Stored dataset items

%%

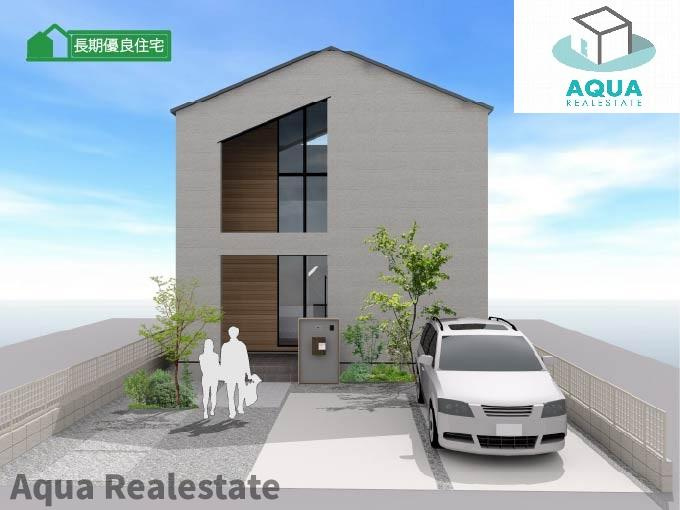高松市多肥上町の新築一戸建の外観パース|外観パースです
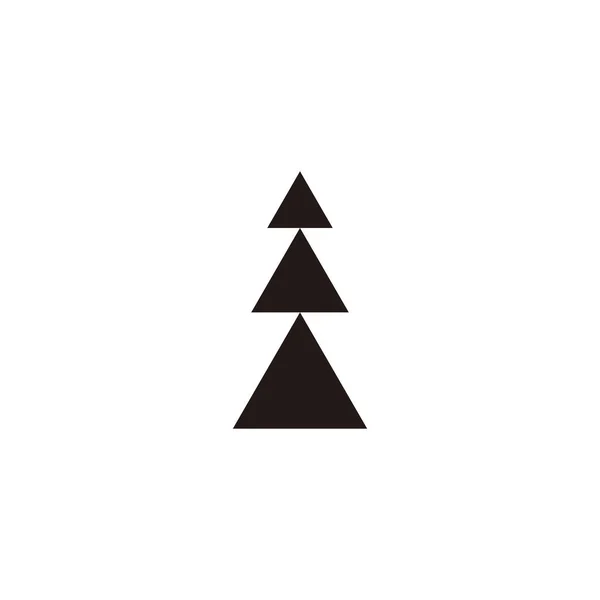 Сосни Дерево Або Вказівник Геометричний Символ Простий Вектор Логотипу — стоковий вектор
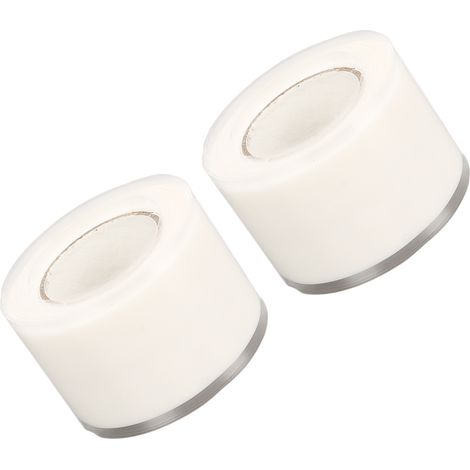 Lot de 2 bandes adhésives en silicone auto-adhésives et flexibles, double face, pour canoë, kayak, pagaies en fibre de carbone et bateaux dragon boat (blanc). (1/5)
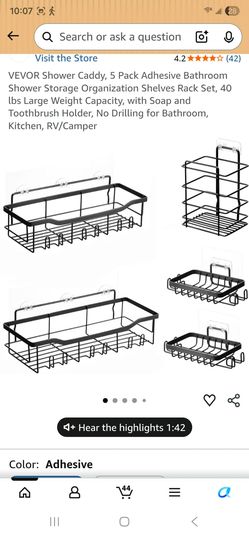 Set of 5pcs shower Caddy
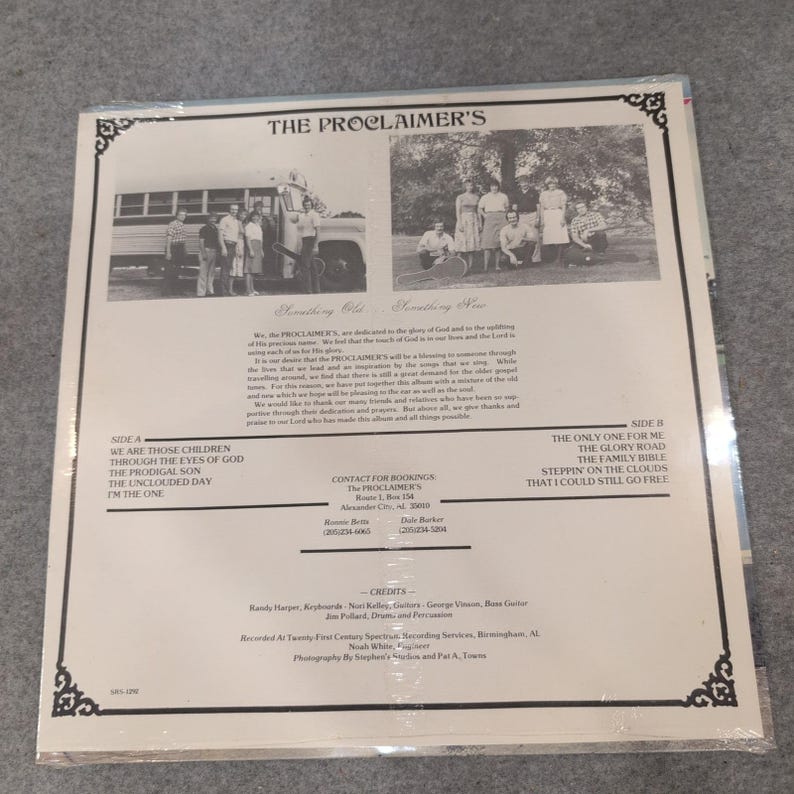 The Proclaimer's Something Old Something New Gospel Vinyl LP SRS-1292 Alabama image 2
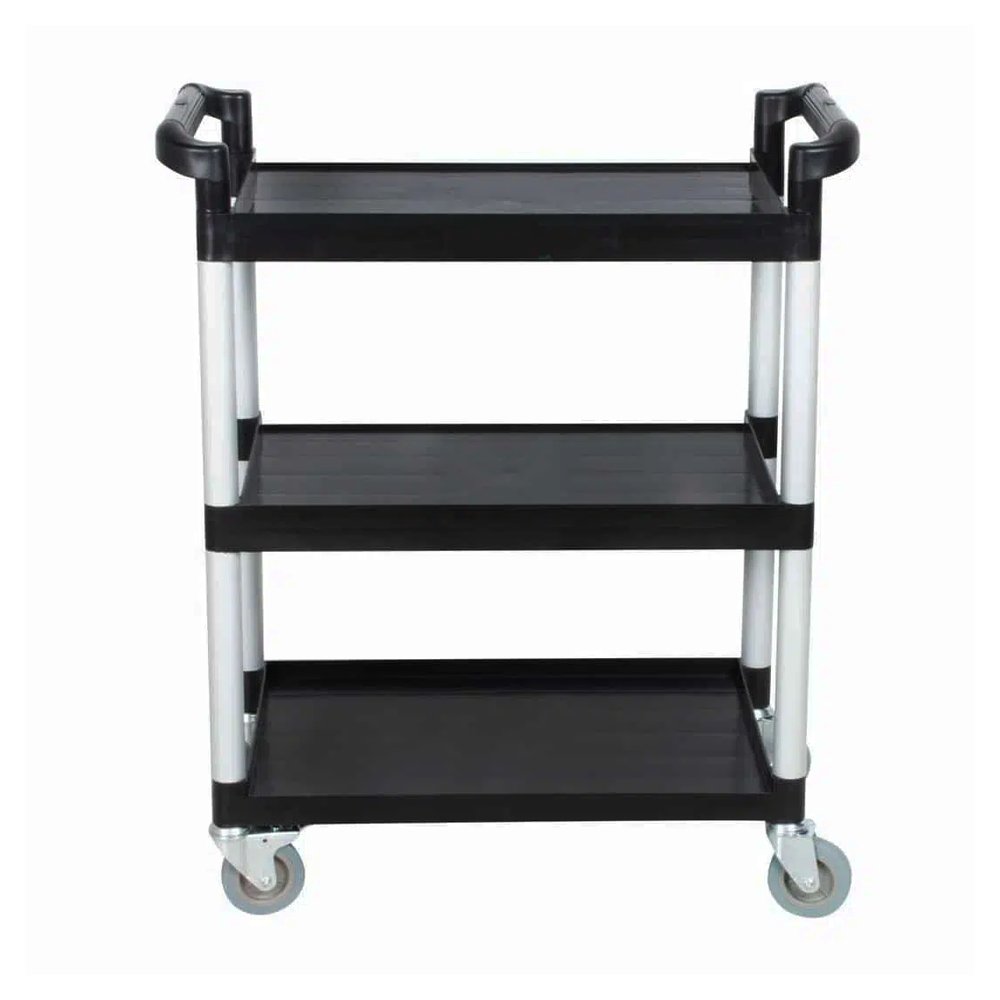 KH Small 3 Tier Utility Trolley - Black - TEM IMPORTS™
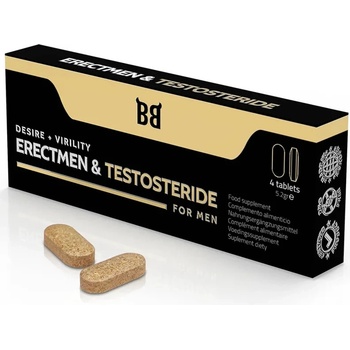 Blackbull By Spartan Erectmen & Testosteride Desire + Virility For Men 4 Tablets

%%

#### Exercise instructions:
Word for word, restate all of the entries above and leave each picture out.

#### Written answer:
高松市多肥上町の新築一戸建の外観パース|外観パースです
 Сосни Дерево Або Вказівник Геометричний Символ Простий Вектор Логотипу — стоковий вектор
 Lot de 2 bandes adhésives en silicone auto-adhésives et flexibles, double face, pour canoë, kayak, pagaies en fibre de carbone et bateaux dragon boat (blanc). (1/5)
 Set of 5pcs shower Caddy
 The Proclaimer's Something Old Something New Gospel Vinyl LP SRS-1292 Alabama image 2
 KH Small 3 Tier Utility Trolley - Black - TEM IMPORTS™
 Blackbull By Spartan Erectmen & Testosteride Desire + Virility For Men 4 Tablets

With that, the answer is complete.